O historiador lida com a dimensão temporal. A todo momento embarca numa viagem incerta em busca da reconstrução do passado. E ele, o passado, tem a característica límpida de afetar o presente daqueles que o encontram cara a cara, que de alguma forma se veem conectados às tramas que o surpreendem pela leitura, pelo olhar. Quando reconstruímos, ou pelo menos tentamos de acordo com o instrumental que possuímos, o passado de outrem, obviamente não há pessoalidade envolvida.
Não há sentimentos íntimos entrelaçados na trama, mas sim apenas pensamentos, conjecturas, invenções técnicas, já que não estamos escrevendo sobre nós mesmos. No entanto ao costurarmos mentalmente ou à tinta e pena o nosso passado não conseguimos ter total comprometimento com a feitura científica, mesmo que queiramos. Adentramos no universo da nossa mente, altamente construída pelas nossas experiências ao longo da vida, pelos sabores experimentados através da felicidade, pelos dramas diários, pelos problemas e reveses cortantes do corpo e da alma.
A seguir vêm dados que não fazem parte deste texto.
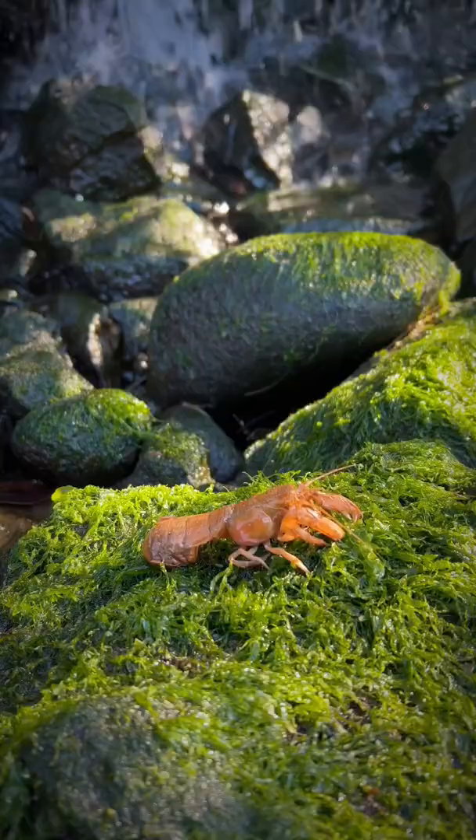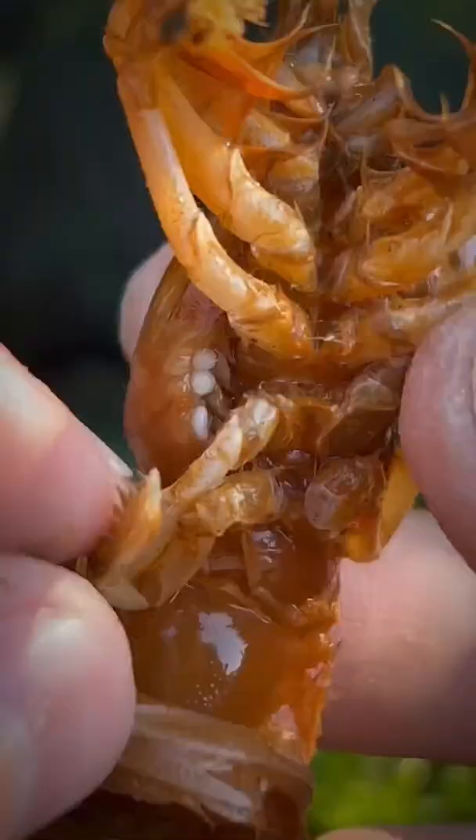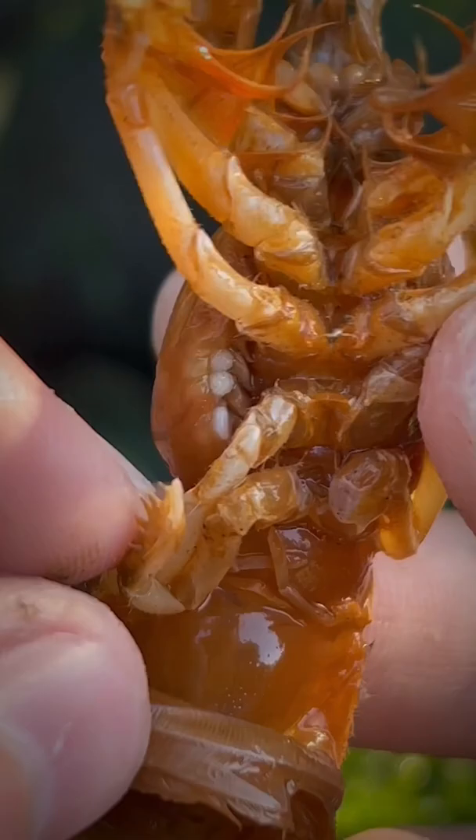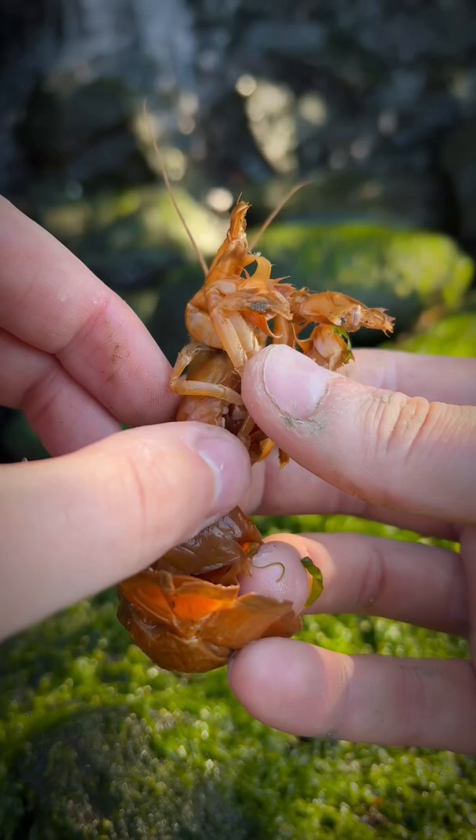This is Marnie, a sweet and innocent shrimp whose life is being taken over by an invasive blood-sucking isopod parasite known as Ortheon griffinus. And if you look closely, you can see the parasite through the gill flap of Marnie. This thing's been causing Marnie tons of discomfort and preventing her from fulfilling her dreams of becoming a single mother.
Vetores que desviam o pensar e o escrever dos seus espaços devidos no agora.
E é isso que acontece com o historiador. Ele trabalha com a ideia de dar ao passado o seu devido espaço de consumo no presente, mesmo que tal resgate seja por demais pesaroso ou dificultado pela escassez de verdade tateável, entretanto dificilmente conseguirá reproduzir tal trabalho ao lidar com o seus momentos pregressos. O seu passado não está divorciado dos seus sentimentos mais profundos. As emoções por ele vividas, sejam elas as melhores ou as piores, mas por obviedade as últimas são aquelas que, quando não rememoradas corretamente atuam como bloqueios mentais ao esclarecimento e alocação prudente das mesmas, agem na não efetivação de um apropriado lugar para o passado seu.
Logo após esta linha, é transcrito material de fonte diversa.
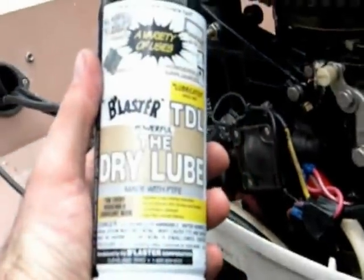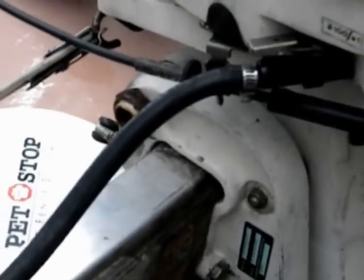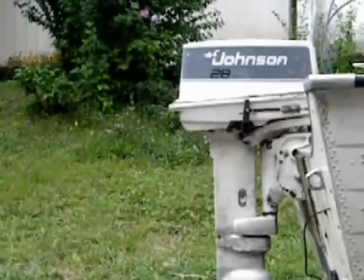I got some PB Blaster Dry Lube. Shake it up real good. Spray it on. Move it around a little bit. Crank her over.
Talvez o correto lugar para o passado seu seja aquele que nem passe pelo silenciamento definitivo, já que silenciamentos sequer podem ser conseguidos em condições psicológicas naturais, muito menos pelas lembranças viciosas e intrusivas que servem como obstáculo teimoso ao seguir adiante, ao avançar na vida, ao continuar a escrever novas e mais sólidas memórias. O historiador é humano. Até nós mesmos, por vezes, esquecemos a condição primeira da nossa existência.